- Paradigm: pure functional
- Family: Lisp
- Designed by: Peter Henderson
- First appeared: 1980; 46 years ago
- Scope: lexical
- Implementation language: ALGOL

Influenced by
- ALGOL, Lisp

= Lispkit Lisp =

Lispkit Lisp is a lexically scoped, purely functional subset of Lisp (Pure Lisp) developed as a testbed for functional programming concepts. It was first used for early experimentation with lazy evaluation.

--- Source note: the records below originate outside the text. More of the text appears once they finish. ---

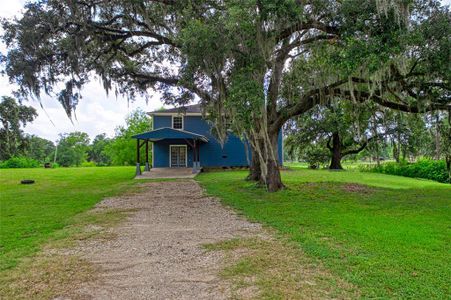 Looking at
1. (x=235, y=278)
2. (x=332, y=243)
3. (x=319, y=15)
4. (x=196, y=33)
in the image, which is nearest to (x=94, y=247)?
(x=235, y=278)

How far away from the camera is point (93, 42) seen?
494 inches

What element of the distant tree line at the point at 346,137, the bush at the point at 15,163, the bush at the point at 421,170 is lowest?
the bush at the point at 421,170

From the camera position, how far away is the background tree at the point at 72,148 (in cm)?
5553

An implementation based on a stack, environment, control, dump virtual machine and abstract machine (SECD machine) written in an ALGOL variant was published by the developer Peter Henderson in 1980. The compiler and virtual machine are highly portable and as a result have been implemented on many machines.

== Base language ==
The base language provides the following functions only but extensions are discussed in Henderson's book for the explicit support of lazy evaluation and nondeterministic programming.
atom – given an expression returns True if its value is atomic; False if not
add – given two expressions returns the sum of their numeric values
car – given an expression whose value is a pair, returns the pair's first value
cdr – given an expression whose value is a pair, returns the pair's second value
cons – given two expressions returns a value pair consisting of their values
div – given two expressions returns the quotient of their numeric values
eq – given two expressions returns True if their values are equal; False if not
if – given three expressions returns the value of the second if the value of the first is True, otherwise returns the value of the third
lambda – given an argument list and an expression, returns them as a function
let – given an expression with declarations (as named expressions visible in the expression) returns its value
letrec – like let, except the declared names are also visible in the declarations themselves
leq – given two expressions, returns True if the value of the first is numerically less than or equal to the value of the second; False if not
mod (or rem) – given two expressions, returns the modulus (also known as the remainder) of their numeric values
mul – given two expressions, returns the product of their numeric values
quote – given an expression, returns that expression as a value
sub – given two expressions, returns the difference of their numeric values

The functions, lambda, let, and letrec, are similar but have subtle differences in the way that they treat named variables which make them useful in different ways: lambda defines and returns a function, let binds expressions to variable names, and letrec is essentially similar to let except it allows defining of recursive functions and values, e.g., infinite series.